WORK ORDER
Begin with the line below holding "(핑크무스) 인디고 다이어리" and go on through the line holding "118 - An Edwardian", duplicating each line exactly and leaving out pictures.

EXTRACTED RECORDS
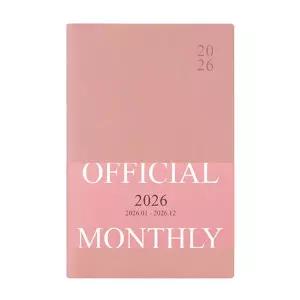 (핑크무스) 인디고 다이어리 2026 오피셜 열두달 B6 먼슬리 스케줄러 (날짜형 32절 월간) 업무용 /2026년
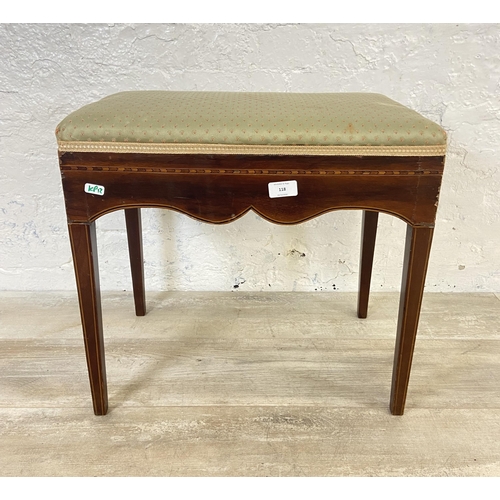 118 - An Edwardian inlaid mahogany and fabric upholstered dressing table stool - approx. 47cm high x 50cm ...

---

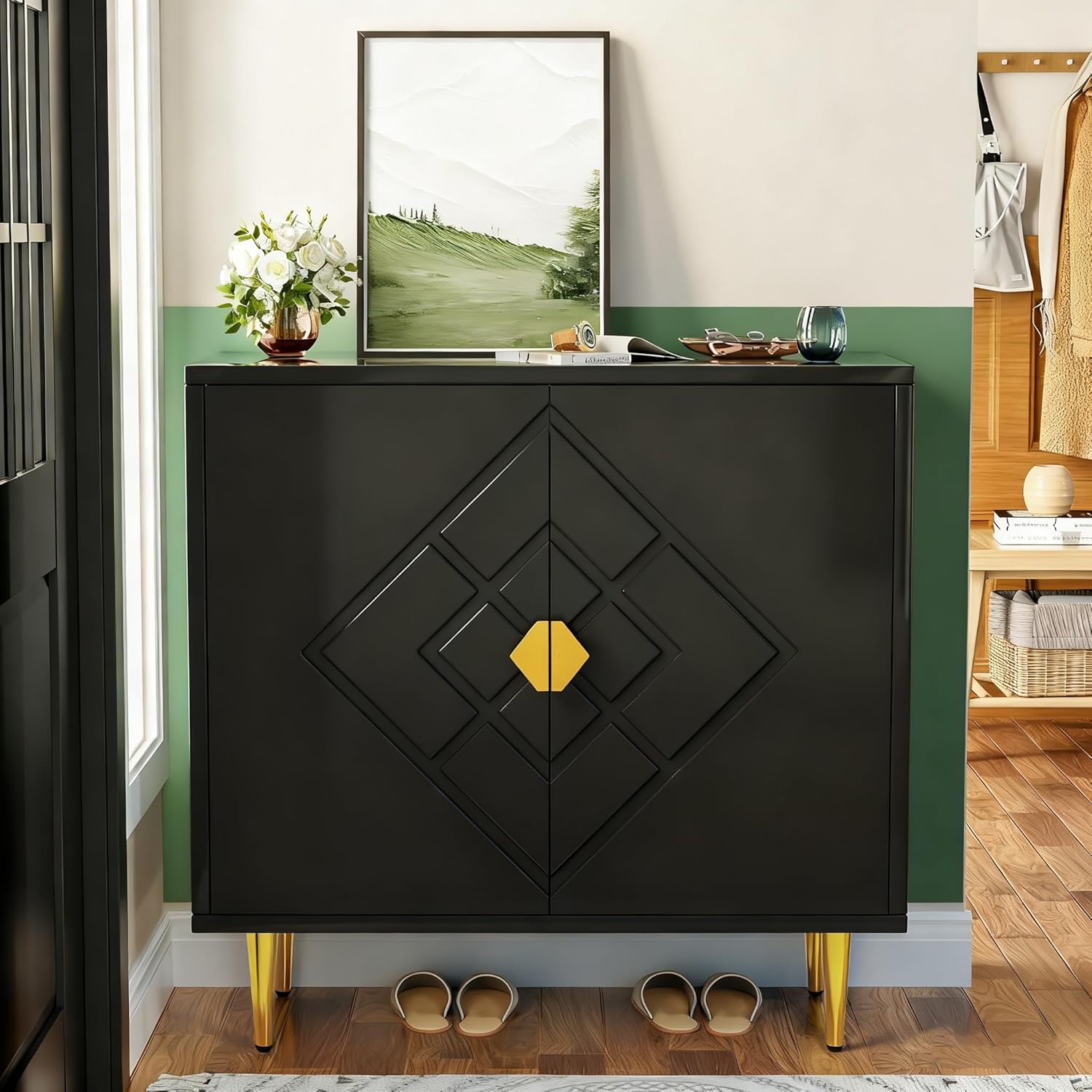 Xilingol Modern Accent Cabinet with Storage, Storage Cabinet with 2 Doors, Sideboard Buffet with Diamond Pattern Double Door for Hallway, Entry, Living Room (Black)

==

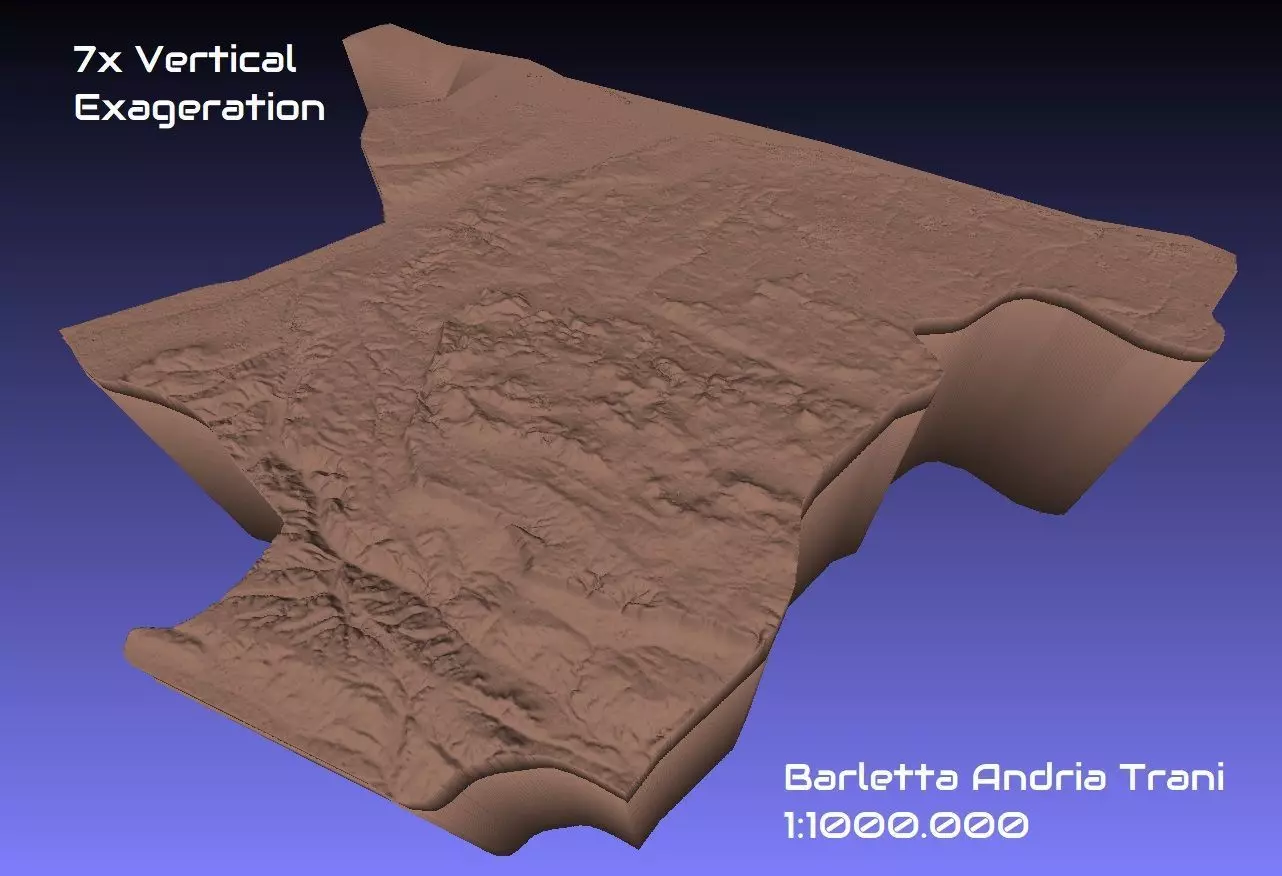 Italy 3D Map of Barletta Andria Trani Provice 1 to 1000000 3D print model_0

ANSWER AREA
 (핑크무스) 인디고 다이어리 2026 오피셜 열두달 B6 먼슬리 스케줄러 (날짜형 32절 월간) 업무용 /2026년
 118 - An Edwardian inlaid mahogany and fabric upholstered dressing table stool - approx. 47cm high x 50cm ...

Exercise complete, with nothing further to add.